Everybody is going to call it ugly. The quarterback was awful for most of the game. The opponent had six fumbles (four lost) and two interceptions. Two of the supposed best teams in the SEC swapped turnovers, penalties and dropped passes. If the late Sid Gillman was watching, he would’ve covered his eyes and screamed, “No! My eyes! My eyes!”
But does it matter?
Ugly is barely beating Kentucky after a bye week. Ugly is looking flawed against Buffalo and Florida Atlantic. Ugly is giving up 44 points to Tennessee. If beating the No. 2 team in the BCS — especially when it’s Florida — is considered ugly, it’s a canvas of ugly that the Bulldogs would wrap themselves in any day or night.
As Georgia quarterback Aaron Murray, he of the three first-half interceptions, said Saturday night, “I know I’m going to get stressed out when I look at the film. But it’s still a great win.”
Georgia, drop-kicked at South Carolina three weeks ago, seemingly comatose in the SEC and again floundering in a season of high hopes, rode ugly back to respectability Saturday. The 17-9 win over Florida put the Bulldogs in control in the SEC East. They need only beat Ole Miss and Auburn to secure a berth in the conference championship — and in the process stomped on all those can’t-win-the-big-one claims.

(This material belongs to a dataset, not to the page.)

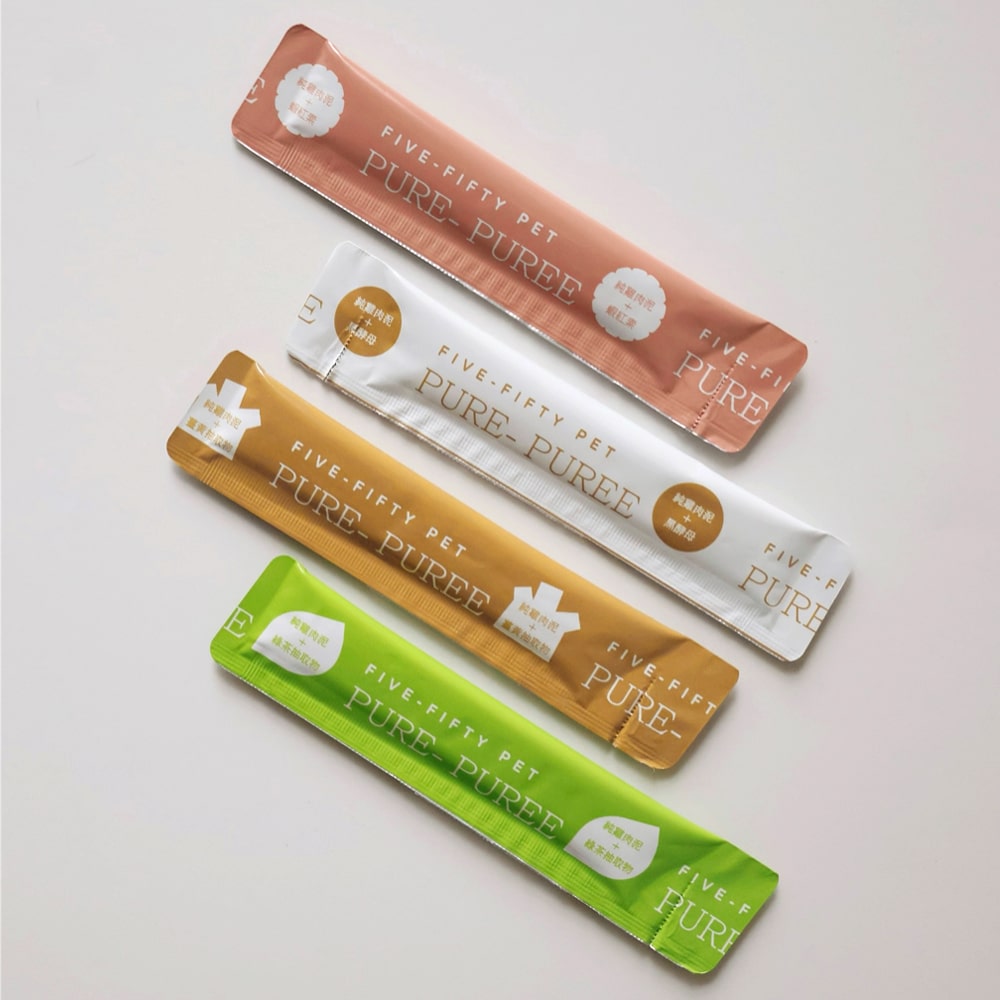 五歲半純黑酵母雞肉泥4包，適合毛孩健康，天然美味的肉泥選擇。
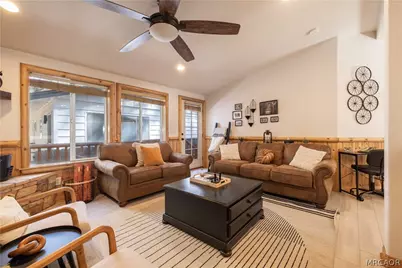 41596 McWhinney Lane, Big Bear Lake, CA 92315 - Photo 6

The win had historical significance: It was the Dogs’ first time winning in consecutive years against Florida since 1988 and ’89. That’s long ago enough that the coach for that first game was Vince Dooley.
The game also had personal significance for Mark Richt. Battered for doing so poorly against top-10 teams (1-9 since 2008), the Georgia coach stayed on the field long after the game was over, going from one end of the stands to the other, celebrating with fans.
Winning this game last season, some believed, may have helped saved his job. Winning the game this season was even more significant because of the Gators’ stature.
Appropriately, it happened because of
defense, in general, and Jarvis Jones, in particular. Jones had three sacks, two forced fumbles and two fumble recoveries. He knocked the ball loose from tight end Jordan Reed at the Dogs’ 18 with five minutes left, as Florida was moving in for a potential touchdown.
Jones’ amusing self-analysis: “I don’t know my stats, but I think I had a good game.”
The defense, whether motivated by external criticism or the internal slap from safety Shawn Williams, who called his team “soft,” had one of its better games of the season. Florida was held without a touchdown in a Georgia win for the first time since 1988.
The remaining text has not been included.